SUPPLIED RECORDS ▸
+ + + + +

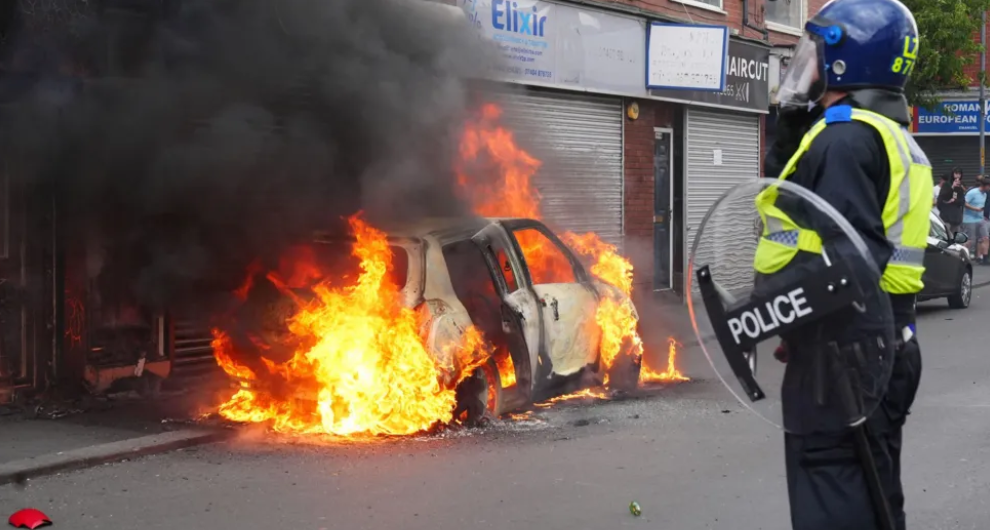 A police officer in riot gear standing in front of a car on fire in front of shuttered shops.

+ + + + +

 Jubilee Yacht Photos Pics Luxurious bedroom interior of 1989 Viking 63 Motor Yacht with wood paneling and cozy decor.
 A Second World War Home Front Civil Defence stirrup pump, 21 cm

+ + + + +

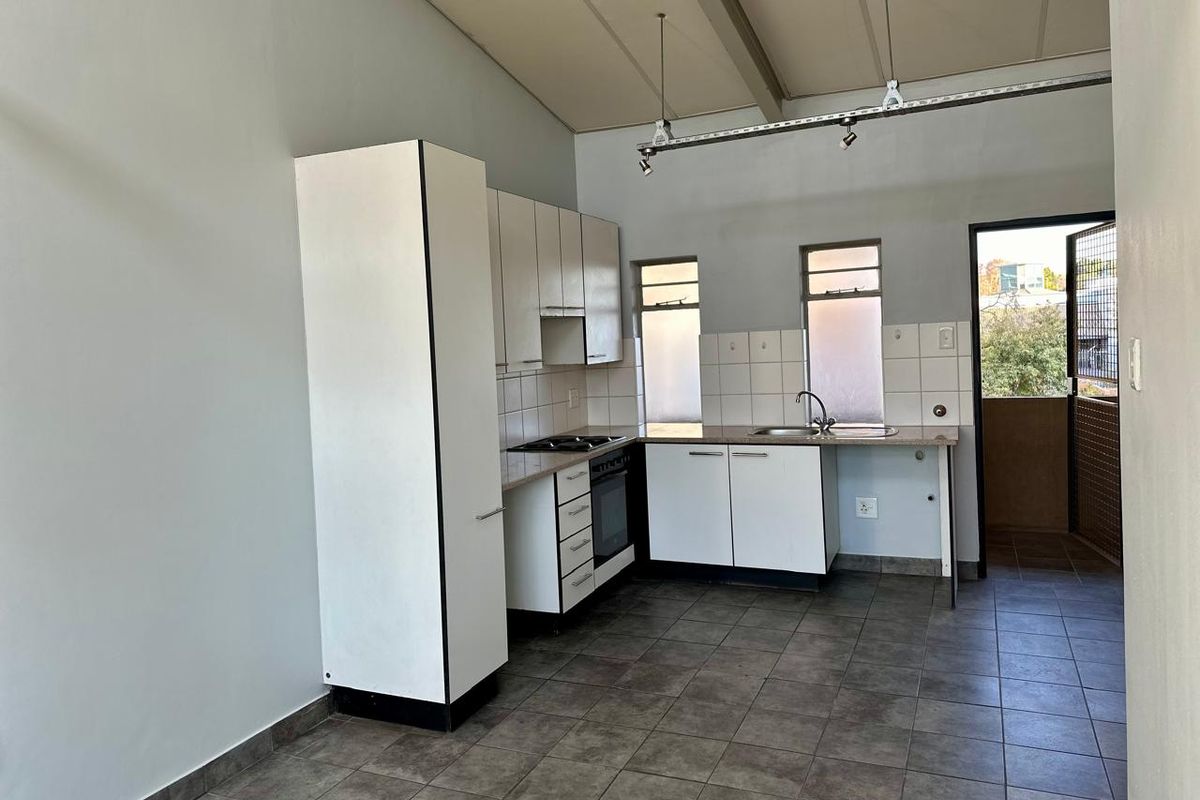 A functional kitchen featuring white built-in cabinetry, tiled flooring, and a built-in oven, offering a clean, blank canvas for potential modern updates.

+ + + + +

REQUIRED WORK ▸
Can you repeat, word for word, every line above from the one containing "Jubilee Yacht Photos" down to the one containing "A Second World", including both?

OUTPUT FOR THIS EXERCISE ▸
 Jubilee Yacht Photos Pics Luxurious bedroom interior of 1989 Viking 63 Motor Yacht with wood paneling and cozy decor.
 A Second World War Home Front Civil Defence stirrup pump, 21 cm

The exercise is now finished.